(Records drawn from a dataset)
Start of Block

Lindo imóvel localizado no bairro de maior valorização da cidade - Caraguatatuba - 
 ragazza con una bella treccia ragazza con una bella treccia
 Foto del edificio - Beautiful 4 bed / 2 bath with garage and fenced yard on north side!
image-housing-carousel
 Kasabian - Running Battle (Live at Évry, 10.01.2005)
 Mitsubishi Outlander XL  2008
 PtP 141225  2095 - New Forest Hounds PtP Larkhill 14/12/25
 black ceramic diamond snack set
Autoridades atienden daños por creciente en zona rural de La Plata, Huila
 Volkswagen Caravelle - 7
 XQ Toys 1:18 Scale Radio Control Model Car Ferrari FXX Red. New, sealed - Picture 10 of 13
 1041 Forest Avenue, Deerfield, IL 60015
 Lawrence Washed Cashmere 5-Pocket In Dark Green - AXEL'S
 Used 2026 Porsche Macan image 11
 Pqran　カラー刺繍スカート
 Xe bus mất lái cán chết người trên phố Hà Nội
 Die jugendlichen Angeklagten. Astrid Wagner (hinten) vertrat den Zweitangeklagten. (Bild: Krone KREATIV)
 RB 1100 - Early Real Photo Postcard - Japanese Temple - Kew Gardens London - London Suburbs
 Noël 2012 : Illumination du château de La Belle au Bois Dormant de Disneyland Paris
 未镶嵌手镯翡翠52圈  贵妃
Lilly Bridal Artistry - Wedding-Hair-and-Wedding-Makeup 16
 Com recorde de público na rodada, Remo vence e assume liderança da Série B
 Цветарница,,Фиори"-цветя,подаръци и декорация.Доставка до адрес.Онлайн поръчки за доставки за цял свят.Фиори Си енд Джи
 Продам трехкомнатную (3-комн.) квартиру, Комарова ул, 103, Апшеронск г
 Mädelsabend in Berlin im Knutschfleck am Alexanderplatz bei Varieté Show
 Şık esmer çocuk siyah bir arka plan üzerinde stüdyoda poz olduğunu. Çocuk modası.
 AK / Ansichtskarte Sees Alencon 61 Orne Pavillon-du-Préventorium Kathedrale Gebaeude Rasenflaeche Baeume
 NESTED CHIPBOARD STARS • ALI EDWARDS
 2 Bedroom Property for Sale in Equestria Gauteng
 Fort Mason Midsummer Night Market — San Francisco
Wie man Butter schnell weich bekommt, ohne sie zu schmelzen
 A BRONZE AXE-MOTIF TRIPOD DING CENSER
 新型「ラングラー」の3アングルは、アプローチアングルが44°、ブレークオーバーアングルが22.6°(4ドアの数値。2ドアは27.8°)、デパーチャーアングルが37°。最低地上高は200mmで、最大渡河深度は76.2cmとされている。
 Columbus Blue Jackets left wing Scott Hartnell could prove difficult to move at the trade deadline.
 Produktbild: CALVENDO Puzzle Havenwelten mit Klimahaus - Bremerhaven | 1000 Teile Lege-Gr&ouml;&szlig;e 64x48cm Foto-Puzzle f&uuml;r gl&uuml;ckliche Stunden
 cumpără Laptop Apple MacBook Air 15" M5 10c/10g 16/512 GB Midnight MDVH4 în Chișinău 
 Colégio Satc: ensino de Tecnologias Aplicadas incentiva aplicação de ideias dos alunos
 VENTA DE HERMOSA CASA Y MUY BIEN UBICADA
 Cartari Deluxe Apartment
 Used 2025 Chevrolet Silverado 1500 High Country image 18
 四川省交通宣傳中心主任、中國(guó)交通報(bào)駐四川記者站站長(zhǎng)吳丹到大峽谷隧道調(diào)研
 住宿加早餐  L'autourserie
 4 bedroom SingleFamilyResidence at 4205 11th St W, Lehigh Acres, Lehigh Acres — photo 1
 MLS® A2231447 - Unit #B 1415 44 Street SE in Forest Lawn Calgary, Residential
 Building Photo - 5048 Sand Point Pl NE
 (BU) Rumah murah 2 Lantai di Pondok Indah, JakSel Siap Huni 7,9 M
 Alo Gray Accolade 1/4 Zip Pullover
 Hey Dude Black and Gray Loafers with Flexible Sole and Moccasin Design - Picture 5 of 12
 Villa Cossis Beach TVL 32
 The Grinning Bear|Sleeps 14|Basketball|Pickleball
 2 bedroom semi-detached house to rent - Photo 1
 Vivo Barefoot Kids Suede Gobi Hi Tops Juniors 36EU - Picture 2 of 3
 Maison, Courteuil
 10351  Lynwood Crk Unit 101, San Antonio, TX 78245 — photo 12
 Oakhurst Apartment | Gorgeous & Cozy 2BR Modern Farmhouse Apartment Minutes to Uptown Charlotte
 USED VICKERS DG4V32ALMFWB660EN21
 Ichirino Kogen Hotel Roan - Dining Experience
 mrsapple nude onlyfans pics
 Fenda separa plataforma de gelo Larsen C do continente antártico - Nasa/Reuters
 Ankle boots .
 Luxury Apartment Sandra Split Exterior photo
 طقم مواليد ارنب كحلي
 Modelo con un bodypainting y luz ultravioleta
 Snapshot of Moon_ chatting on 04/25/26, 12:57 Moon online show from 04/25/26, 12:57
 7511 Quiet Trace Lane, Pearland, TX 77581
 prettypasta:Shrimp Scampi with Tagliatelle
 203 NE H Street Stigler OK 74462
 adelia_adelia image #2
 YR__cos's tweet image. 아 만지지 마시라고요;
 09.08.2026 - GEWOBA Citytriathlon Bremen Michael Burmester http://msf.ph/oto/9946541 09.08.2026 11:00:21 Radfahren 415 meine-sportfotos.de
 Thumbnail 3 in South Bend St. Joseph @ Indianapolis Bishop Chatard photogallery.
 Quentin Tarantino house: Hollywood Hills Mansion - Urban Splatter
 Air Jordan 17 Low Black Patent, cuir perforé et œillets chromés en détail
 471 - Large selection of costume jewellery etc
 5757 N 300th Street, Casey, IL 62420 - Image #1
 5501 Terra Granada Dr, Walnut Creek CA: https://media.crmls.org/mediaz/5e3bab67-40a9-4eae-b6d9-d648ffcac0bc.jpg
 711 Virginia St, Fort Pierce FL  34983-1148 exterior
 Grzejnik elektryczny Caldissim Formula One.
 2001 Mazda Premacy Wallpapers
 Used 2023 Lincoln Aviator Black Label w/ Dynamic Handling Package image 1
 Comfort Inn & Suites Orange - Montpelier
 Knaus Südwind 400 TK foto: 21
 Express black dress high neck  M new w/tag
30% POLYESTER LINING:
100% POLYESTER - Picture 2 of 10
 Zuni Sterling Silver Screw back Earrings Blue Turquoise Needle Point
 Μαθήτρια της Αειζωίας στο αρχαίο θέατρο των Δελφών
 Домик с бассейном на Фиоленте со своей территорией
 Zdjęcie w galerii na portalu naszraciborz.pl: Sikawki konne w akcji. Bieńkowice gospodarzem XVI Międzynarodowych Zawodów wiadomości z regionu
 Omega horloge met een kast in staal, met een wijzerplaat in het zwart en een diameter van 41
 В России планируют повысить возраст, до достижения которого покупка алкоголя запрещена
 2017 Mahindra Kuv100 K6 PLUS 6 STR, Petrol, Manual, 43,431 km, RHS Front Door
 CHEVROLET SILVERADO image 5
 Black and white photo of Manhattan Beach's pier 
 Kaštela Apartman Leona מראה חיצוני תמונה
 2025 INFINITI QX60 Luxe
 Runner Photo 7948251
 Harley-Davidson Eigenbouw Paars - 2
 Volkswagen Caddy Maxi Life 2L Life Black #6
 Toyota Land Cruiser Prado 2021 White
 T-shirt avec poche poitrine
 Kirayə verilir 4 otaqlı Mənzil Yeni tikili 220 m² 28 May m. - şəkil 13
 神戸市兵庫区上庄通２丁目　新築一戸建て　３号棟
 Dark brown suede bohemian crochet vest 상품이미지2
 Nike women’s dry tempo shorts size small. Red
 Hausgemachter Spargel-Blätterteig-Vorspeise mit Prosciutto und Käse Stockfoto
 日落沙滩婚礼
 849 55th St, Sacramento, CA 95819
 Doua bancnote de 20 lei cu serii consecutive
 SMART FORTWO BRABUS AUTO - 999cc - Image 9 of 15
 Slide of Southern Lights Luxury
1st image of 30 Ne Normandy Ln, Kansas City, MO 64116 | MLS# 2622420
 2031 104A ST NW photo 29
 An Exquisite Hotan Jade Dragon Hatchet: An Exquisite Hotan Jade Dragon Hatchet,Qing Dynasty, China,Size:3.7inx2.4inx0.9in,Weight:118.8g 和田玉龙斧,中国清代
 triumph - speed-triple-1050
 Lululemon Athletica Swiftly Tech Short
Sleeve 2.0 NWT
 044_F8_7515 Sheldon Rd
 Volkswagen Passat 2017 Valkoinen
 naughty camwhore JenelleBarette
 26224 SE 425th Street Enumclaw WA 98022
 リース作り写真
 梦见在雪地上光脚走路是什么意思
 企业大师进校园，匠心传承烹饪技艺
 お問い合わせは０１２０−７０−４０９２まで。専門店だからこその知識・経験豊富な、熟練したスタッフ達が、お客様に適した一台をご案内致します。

End of Block

--- What is being asked ---
Scan the data above and copy each line containing the word "Point".

--- Finished exercise ---
 Building Photo - 5048 Sand Point Pl NE
 Zuni Sterling Silver Screw back Earrings Blue Turquoise Needle Point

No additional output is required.